Optionally, the first alarm is at least one of: a text message, a light indication, a sound, a vibration, a radio signal. A given text message may be displayed on the at least one second device, based on the first alert condition for notification. For example, the given text message may be 'move away immediately' when the at least one second device is in the danger area. For light indication, the at least one second device may include one or more light sources such as light emitting diodes (LEDs), displays, bulbs, and the like. In some embodiments, the one or more light sources may blink for some duration for light indication. In some other embodiments, the one or more light sources may glow continuously for light indication of the alert condition until the alert condition ceases to exist. For example, if the fifth position is in the danger area, the one or more light sources may glow continuously until the at least one second device moves away from the danger area. The first alarm may be a given sound such as a buzzer sound, a beep sound, a verbal warning, a music, and the like, of fixed or varying sound intensity depending on the alert condition. For example, if the fifth position is in danger area the buzzer sound may indicate the person to move away from the danger area swiftly and if the fifth position is in proximity of the danger area, the beep sound may indicate the person to change his/her path. Herein, sound intensity of the buzzer sound may be higher than that of the beep sound. The first alarm may be vibration. Similar to the sound, the vibration may be also of fixed or varying intensity. Herein, the at least one second device may include a vibration motor that may vibrate according to the determined alert condition. For example, if a given second device is attached to an apparel worn by the person and the fifth position of the given second device is in the danger area, the given second device may vibrate profusely to notify the person to move out of the danger area.

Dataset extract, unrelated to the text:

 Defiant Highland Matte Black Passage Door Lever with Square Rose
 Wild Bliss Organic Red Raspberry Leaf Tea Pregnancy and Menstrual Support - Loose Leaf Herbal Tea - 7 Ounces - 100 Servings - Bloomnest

Optionally, the danger area comprises a plurality of sub-areas, and wherein the at least one second device is further configured to activate different first alarms for alarm conditions pertaining to different subareas amongst the plurality of sub-areas. It will be understood that the entirety of the danger area may not have a constant danger severity level. The areas that are just below the load may have a higher danger severity level than the areas that are farther away from the load. The areas just below the load may be more dangerous. Thus, the entirety of the danger area may be divided into the plurality of sub-areas according to their danger level. Each sub-area may be associated with different first alarms to give an idea of different danger severity levels to the person or the driver (depending on the sub-area of the plurality of sub-areas in which the fifth position is situated).

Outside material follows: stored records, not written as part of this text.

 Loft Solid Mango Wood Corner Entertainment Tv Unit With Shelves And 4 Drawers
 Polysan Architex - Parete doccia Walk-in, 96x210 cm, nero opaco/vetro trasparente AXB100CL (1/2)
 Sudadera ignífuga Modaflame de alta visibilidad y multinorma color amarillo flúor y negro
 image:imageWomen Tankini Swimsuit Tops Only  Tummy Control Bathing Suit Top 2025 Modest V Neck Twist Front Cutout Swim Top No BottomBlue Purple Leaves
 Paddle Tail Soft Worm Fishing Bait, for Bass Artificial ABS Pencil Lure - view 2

Optionally, the different first alarms are different from each other in respect of at least one of: a type of a given first alarm, an intensity of a given first alarm, a frequency of activating a given first alarm, a duration of activating a given first alarm. For example, if the danger area includes three sub-areas, the different first alarms may be a given text message, a given light indication, and a given sound for a first sub-area, a second sub-area, and a third sub-area, respectively. Herein, the first sub-area may have lowest danger severity level, the second sub-area may have greater danger severity level than the first sub-area and the third subarea may have highest danger severity level.

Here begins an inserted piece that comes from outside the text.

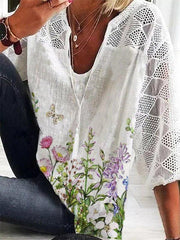 Daily White Floral V-neck 3/4 Length Sleeves Shirt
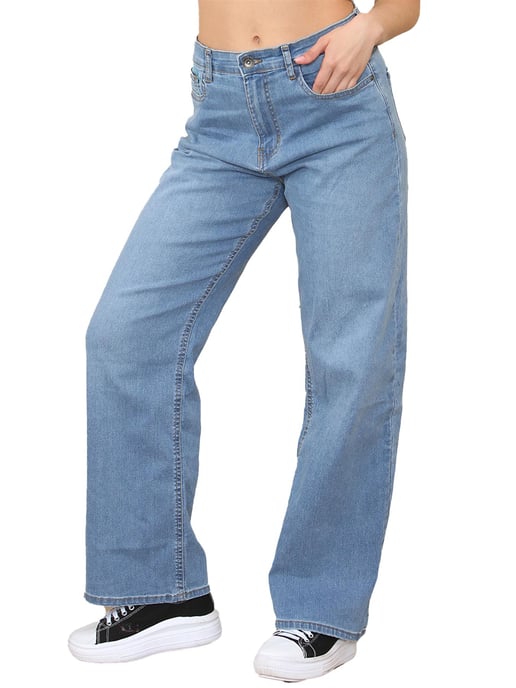 Enzo | Jeans met wijde pijpen voor dames - Lichtblauw - Image 2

Optionally, the at least one second device is configured to send, to the third device, alert information pertaining to the alert condition. Herein, the alert information may help the operator of the third device to prevent accidents. For example, if in spite of activating the first alarm, the at least one second device remains in the danger area, the third device may automatically stop the construction equipment from lifting the load. Optionally, the alert information is sent by at least one of: an ultrasonic communication link, a light indication, a radio link. In an embodiment, the alert information may be first converted to ultrasonic waves by a transmitter of the at least one second device and the said ultrasonic waves may be sent over the ultrasonic communication link to a receiver of the third device. The third device may decode the said ultrasonic waves to obtain the alert information. In another embodiment, the alert information is sent to the at least one second device by light indication. Herein, light sources such as, LEDs, bulbs, displays and the like of the at least one second device may emit some light that may be detected by the third device to receive the alert information. In another embodiment, the alert information may be sent via the radio link. Herein, a transmitter of the at least one second device may transmit alert information over radio waves via the radio link to the third device. Therefore, although it is possible for the at least one second device to communicate on the radio link, it is not a necessary feature, thus enabling radiation to be minimized.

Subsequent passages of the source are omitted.